One other concern I have is if there will be any performance impact to using launder all the time, but better safe than sorry.

Other than the inline comments, this LGTM.

libcxx/include/map
633 ↗(On Diff #149358)

return *_VSTD::launder(_VSTD::addressof(this->__cc)); because ADL.

648 ↗(On Diff #149358)

I think __ref can be private.

653 ↗(On Diff #149358)

Add a newline?

708 ↗(On Diff #149358)

_LIBCPP_INLINE_VISIBILITY here and below it.

libcxx/include/unordered_map
586 ↗(On Diff #149358)

union -> class

597 ↗(On Diff #149358)

_LIBCPP_INLINE_VISIBILITY

606 ↗(On Diff #149358)

_LIBCPP_INLINE_VISIBILITY

615 ↗(On Diff #149358)

This can be private.

621 ↗(On Diff #149358)

_LIBCPP_INLINE_VISIBILITY

677 ↗(On Diff #149358)

_LIBCPP_INLINE_VISIBILITY

I should have asked, have we actually seen a midcompile caused by this? Is there a reproducer? Or is this purerly speculative?

erik.pilkington marked 10 inline comments as done.

Address review comments. Thanks!

I should have asked, have we actually seen a midcompile caused by this? Is there a reproducer? Or is this purerly speculative?

Nope, pure speculation.
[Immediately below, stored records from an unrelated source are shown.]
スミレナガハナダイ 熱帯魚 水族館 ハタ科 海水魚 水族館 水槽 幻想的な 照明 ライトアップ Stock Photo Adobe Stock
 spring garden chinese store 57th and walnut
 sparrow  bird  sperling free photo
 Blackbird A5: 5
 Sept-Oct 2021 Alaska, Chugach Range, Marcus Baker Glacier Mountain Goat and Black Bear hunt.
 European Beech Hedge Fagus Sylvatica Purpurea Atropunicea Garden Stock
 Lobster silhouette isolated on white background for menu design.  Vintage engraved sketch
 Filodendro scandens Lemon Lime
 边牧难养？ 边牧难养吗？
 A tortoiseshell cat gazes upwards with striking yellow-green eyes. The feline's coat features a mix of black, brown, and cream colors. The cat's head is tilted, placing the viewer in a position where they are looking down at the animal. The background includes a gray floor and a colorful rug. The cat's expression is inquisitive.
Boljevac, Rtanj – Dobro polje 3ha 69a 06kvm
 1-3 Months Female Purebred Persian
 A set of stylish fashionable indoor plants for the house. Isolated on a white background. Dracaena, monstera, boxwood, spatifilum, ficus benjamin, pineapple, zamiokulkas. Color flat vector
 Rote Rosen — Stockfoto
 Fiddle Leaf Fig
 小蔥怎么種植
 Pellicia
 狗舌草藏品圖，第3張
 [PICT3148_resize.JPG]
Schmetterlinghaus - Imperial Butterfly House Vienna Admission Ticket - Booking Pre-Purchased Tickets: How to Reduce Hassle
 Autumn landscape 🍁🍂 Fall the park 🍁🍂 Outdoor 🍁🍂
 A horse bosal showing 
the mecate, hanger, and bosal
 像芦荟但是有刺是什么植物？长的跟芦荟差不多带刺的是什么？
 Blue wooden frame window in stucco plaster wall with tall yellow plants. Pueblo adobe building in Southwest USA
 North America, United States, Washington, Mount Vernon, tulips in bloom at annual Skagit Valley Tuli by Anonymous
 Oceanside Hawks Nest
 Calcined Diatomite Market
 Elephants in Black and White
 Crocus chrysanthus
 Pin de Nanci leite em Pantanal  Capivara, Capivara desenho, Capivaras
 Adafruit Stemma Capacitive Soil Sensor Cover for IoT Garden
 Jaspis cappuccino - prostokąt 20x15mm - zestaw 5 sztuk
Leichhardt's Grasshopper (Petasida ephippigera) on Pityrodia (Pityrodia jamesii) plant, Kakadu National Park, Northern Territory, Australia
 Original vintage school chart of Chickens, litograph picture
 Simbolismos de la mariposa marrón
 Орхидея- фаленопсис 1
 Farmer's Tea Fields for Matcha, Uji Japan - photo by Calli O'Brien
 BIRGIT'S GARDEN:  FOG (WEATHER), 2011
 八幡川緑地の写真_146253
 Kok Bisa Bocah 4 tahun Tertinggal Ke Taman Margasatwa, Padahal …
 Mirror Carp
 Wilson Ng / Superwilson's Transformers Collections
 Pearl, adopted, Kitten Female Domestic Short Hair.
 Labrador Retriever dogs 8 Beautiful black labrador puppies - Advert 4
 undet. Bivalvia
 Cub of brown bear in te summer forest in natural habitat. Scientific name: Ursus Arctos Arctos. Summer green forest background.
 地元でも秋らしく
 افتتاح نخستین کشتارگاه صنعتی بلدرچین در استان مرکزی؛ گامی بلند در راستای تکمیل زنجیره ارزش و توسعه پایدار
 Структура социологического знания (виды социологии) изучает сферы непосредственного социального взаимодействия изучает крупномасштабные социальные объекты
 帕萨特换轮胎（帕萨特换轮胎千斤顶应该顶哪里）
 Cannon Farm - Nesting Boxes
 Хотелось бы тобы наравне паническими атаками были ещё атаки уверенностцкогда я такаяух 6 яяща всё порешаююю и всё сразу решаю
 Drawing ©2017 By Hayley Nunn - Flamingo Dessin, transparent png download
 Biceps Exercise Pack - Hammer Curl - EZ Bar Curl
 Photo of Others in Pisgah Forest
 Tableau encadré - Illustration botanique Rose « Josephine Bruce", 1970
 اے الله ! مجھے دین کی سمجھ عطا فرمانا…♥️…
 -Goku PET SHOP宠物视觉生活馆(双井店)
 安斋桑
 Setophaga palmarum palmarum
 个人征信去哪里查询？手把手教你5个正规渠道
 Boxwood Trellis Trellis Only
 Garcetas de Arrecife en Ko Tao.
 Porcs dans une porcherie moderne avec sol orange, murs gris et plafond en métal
I still think we should still fix this though.

libcxx/include/map
648 ↗(On Diff #149358)

That's true for this patch, but I'm planning on using __ref in __node_handle to implement key() and mapped() so we don't have to duplicate the const cast.

rsmith added a comment.Jun 1 2018, 3:36 PM

One other concern I have is if there will be any performance impact to using launder all the time, but better safe than sorry.

In the short-to-medium term, I think we can tackle this by adding an attribute:

// ...
struct pair {
  T first;
  [[clang::not_actually_const]] U second;
};

... to directly express that the second field of a non-const pair is never a const subobject, even if U is a const-qualified type. I think we'll need this once we head down the path of constexpr containers, otherwise node_handles are not going to work in constant expression evaluation.

Then we can remove the launder calls for implementations that support the attribute.

This revision was not accepted when it landed; it landed in state Needs Review.Jun 4 2018, 1:42 PM
This revision was automatically updated to reflect the committed changes.